Na região nortenha de um país europeu perdurava a estranha tradição de celebrar a matança do coelho por altura do Outono. Oficialmente seria uma comemoração de uma santa canonizada no séc. XVIII, mas mais não era do que a actualização de um ritual pagão anterior às conquistas romanas daquele território.
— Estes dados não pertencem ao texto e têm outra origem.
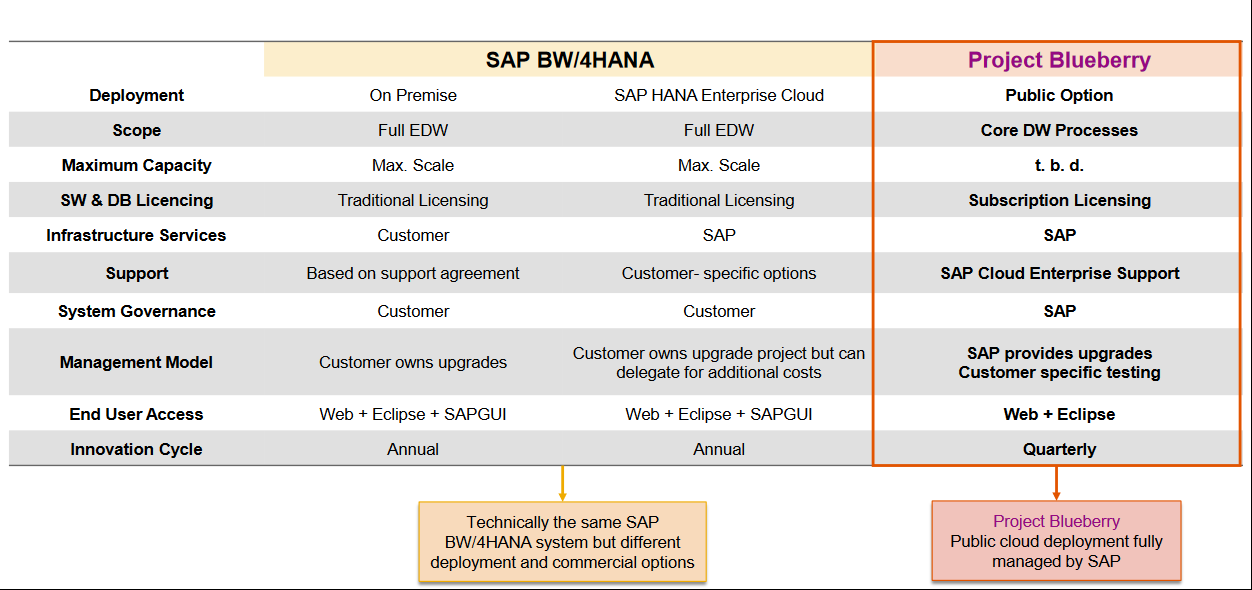vergleich sap bw4hana und project blueberry sap roadmap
A população das pequenas vilas saía de casa a meio da tarde e caminhava sem descanso até de madrugada levando um bolo nas costas. Cruzavam rios e ribeiros, subiam um grande monte e voltavam a descê-lo, até chegarem por fim a um descampado, praticamente sem vegetação. Aí encontravam-se muitas pedras, muito diversas em formas e cores, que serviam de bancos aos viajantes. Mal estes chegavam ao seu destino sentavam-se, descalçavam as botas, retiravam o bolo do saco e esperavam que alguém os servisse com um pedaço de porco em substituição do coelho que era naquela altura do ano escasso.

A fama desta romaria era contudo secreta e comunicada entre as gerações no espaço limitado das quatro paredes. O estar ali, com a natureza, tão longe da civilização, sentir o sabor da carne mal cozida e sem tempero (alguns chegavam a comê-la crua) era considerado selvático. E era. Depois de saciados da fome mastigavam ervas e bebiam licores que os faziam viver o dia e a noite sem distinção esquecendo qualquer obstáculo formal aos seus impulsos mais primários. Regressavam a casa dois dias depois cansados e ainda eufóricos.